> _INFORMATION GIVEN_:
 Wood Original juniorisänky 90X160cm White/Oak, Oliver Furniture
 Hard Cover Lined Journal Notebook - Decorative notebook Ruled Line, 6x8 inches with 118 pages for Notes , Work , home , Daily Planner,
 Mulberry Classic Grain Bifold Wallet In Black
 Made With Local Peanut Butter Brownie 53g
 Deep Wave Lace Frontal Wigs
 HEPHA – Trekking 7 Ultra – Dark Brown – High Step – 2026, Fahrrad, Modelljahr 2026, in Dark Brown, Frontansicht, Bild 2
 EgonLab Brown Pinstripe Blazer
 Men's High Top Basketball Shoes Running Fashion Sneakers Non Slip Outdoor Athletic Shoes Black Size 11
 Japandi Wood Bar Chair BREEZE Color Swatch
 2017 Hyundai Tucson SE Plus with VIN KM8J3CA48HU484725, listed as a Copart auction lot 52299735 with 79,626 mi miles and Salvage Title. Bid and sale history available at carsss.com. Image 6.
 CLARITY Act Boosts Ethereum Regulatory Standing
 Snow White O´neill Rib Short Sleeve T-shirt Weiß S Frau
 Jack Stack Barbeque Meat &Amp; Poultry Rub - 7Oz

> _ACTIVITY_:
Every entry in the listing should be retyped exactly.

> _SOLVED PROBLEM_:
 Wood Original juniorisänky 90X160cm White/Oak, Oliver Furniture
 Hard Cover Lined Journal Notebook - Decorative notebook Ruled Line, 6x8 inches with 118 pages for Notes , Work , home , Daily Planner,
 Mulberry Classic Grain Bifold Wallet In Black
 Made With Local Peanut Butter Brownie 53g
 Deep Wave Lace Frontal Wigs
 HEPHA – Trekking 7 Ultra – Dark Brown – High Step – 2026, Fahrrad, Modelljahr 2026, in Dark Brown, Frontansicht, Bild 2
 EgonLab Brown Pinstripe Blazer
 Men's High Top Basketball Shoes Running Fashion Sneakers Non Slip Outdoor Athletic Shoes Black Size 11
 Japandi Wood Bar Chair BREEZE Color Swatch
 2017 Hyundai Tucson SE Plus with VIN KM8J3CA48HU484725, listed as a Copart auction lot 52299735 with 79,626 mi miles and Salvage Title. Bid and sale history available at carsss.com. Image 6.
 CLARITY Act Boosts Ethereum Regulatory Standing
 Snow White O´neill Rib Short Sleeve T-shirt Weiß S Frau
 Jack Stack Barbeque Meat &Amp; Poultry Rub - 7Oz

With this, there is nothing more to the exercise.